Michael Donth (CDU/CSU) aus Reutlingen hält ein solches Projekt grundsätzlich nicht für finanzierbar: „Das ist nichts anderes als Utopie.“Die Bundesregierung hat Reutlingen neben Herrenberg, Mannheim, Bonn und Essen als eine der Modellstädte für kostenlosen Nahverkehr vorgeschlagen. Donth versteht den Brief jedoch nicht als Vorschlag für ein grundsätzlich kostenfreies ÖPNVNetz, sondern als Anregung, innovative Konzepte zu entwickeln.
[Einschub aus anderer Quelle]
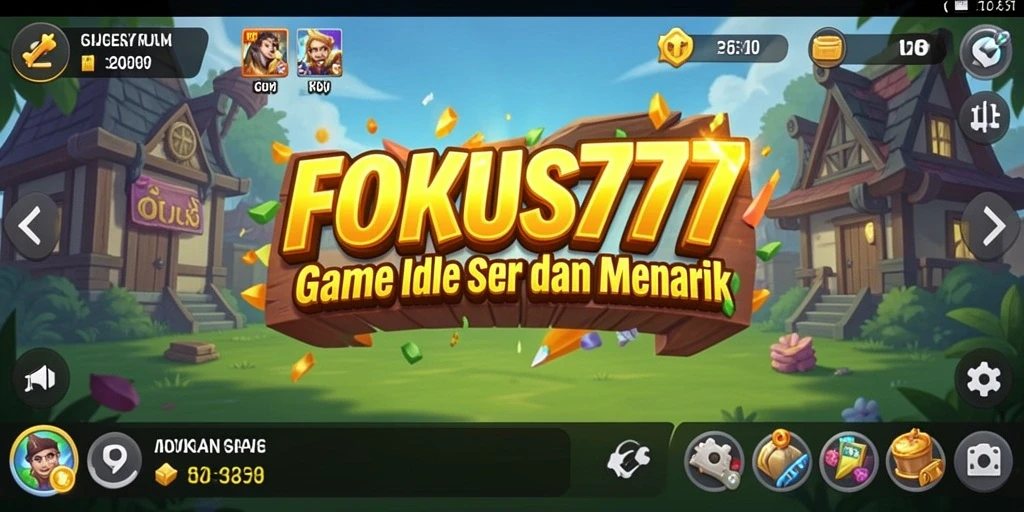 Tampilan gameplay FOKUS777 dengan karakter yang sedang menghasilkan sumber daya.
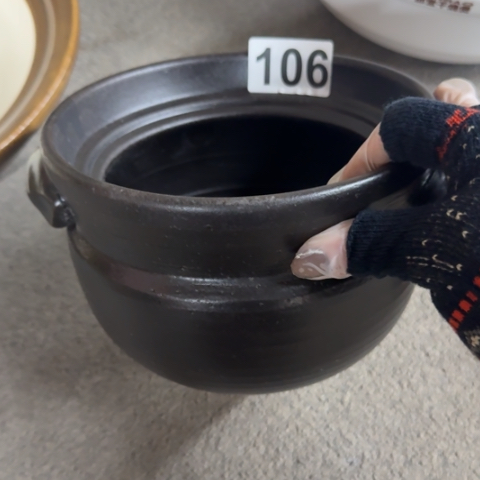 泥塑磁州窑出口尾货干烧锅口径18高12.5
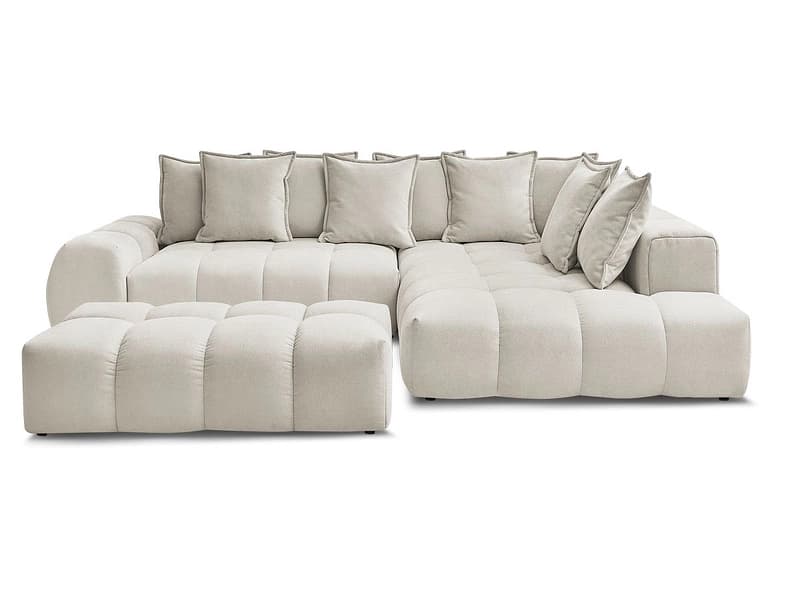 Ecksofa mit Hocker BOBOCHIC EVEREST Stoff mit Textur beige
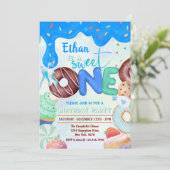 Donut boy Sweet One Invitation Einladung (Stehend Vorderseite)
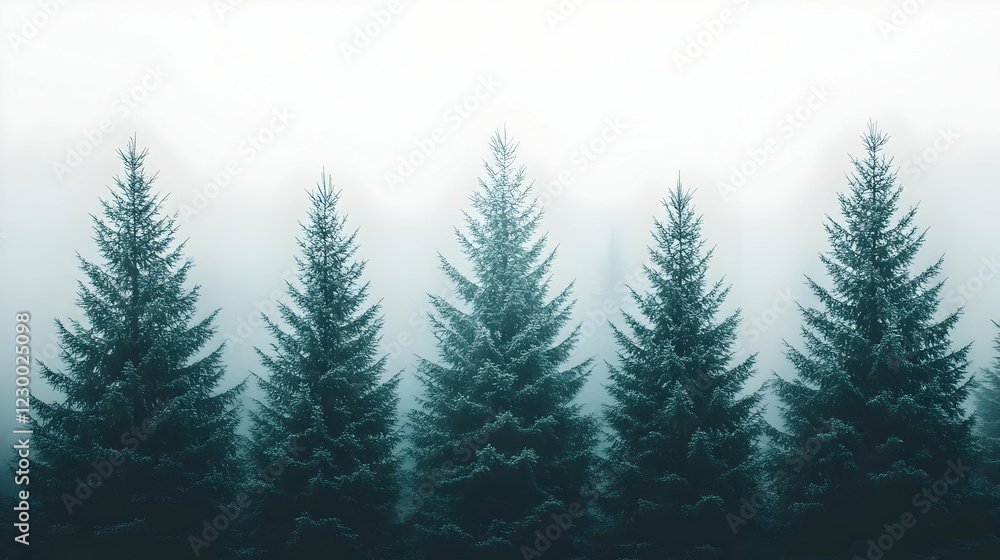 Foggy forest, trees, misty landscape, nature background, serene Foggy forest, trees, misty landscape, nature background, serene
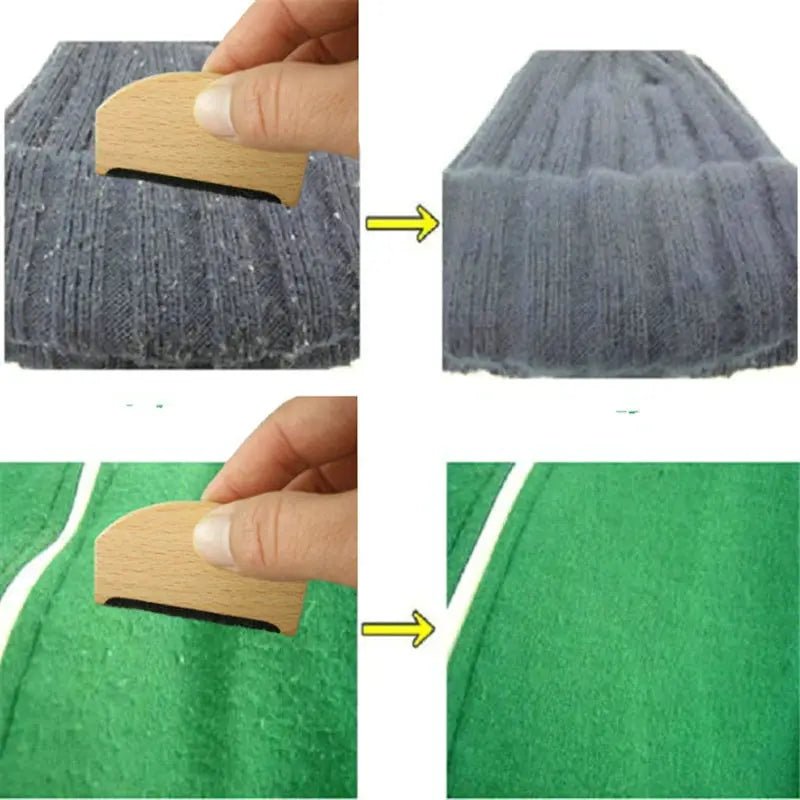Simples Market wooden lint remover shaver for sweaters; portable manual tool removes lint from gray and green knits.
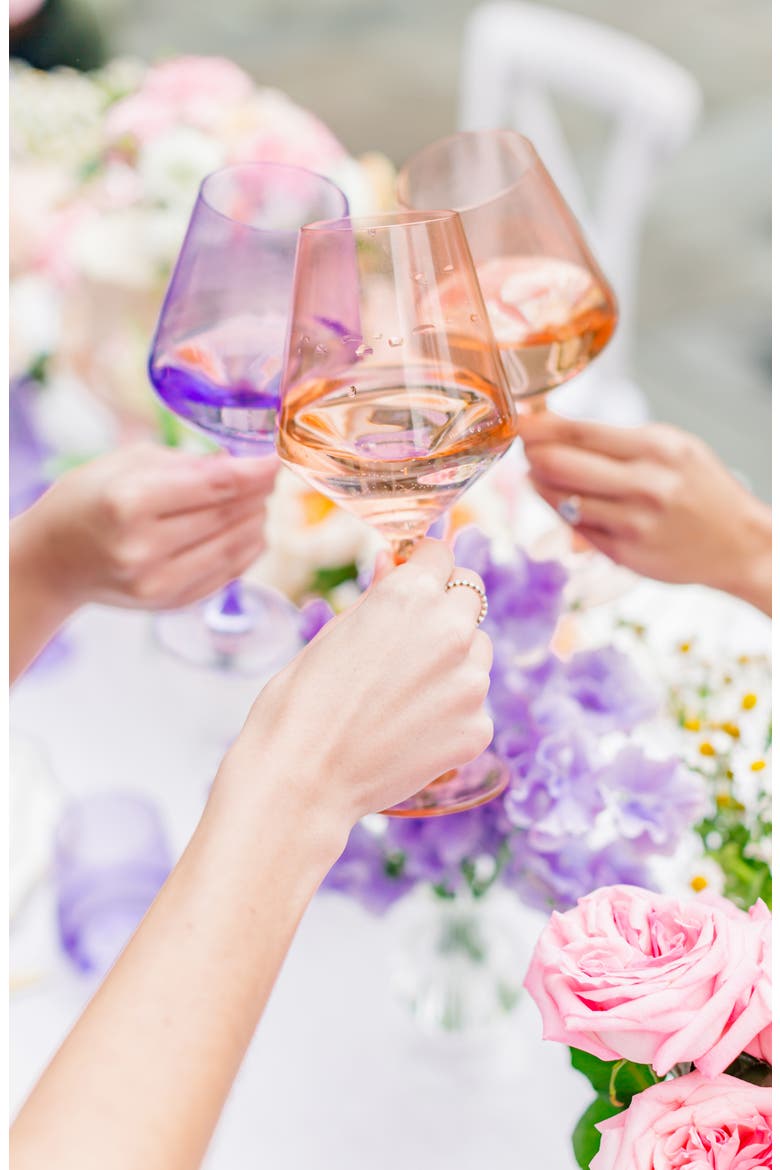 Set of 6 Stem Wineglasses, Alternate, color, MINT GREEN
Im Bundestag waren sich die Abgeordneten uneinig darüber, ob eine solche Maßnahme unabhängig von den Kosten überhaupt erfolgreich sein würde. Daniela Kluckert von der FDP bezweifelt, dass ein gutverdienender Autofahrer mit Tiefgaragenplatz morgens in eine überfüllte UBahn oder S-Bahn steigen würde, nur weil er die 80 Euro für ein Monatsticket nicht zahlen muss. Dieser Meinung ist auch AfD-Abgeordneter Frank Magnitz: „Man kann Bürger nicht zu einem Verkehrsmittel zwingen.“
Einig sind sich die Politiker aber über die drohenden Fahrverbote: Die seien keine Lösung. „Der Autofahrer darf nicht bestraft werden, weil die Industrie und die Bundesregierung nicht handeln“, sagt Luksic. Rentner und Handwerker seien beispielsweise auf die Fahrzeuge angewiesen, hieß es dazu im Bundestag. Nicht zuletzt, merkte Stefan Gelbhaar (Grüne) an: Wo im ländlichen Raum nur dreimal am Tag ein Bus fährt, nutzt auch kostenloser Nahverkehr nichts.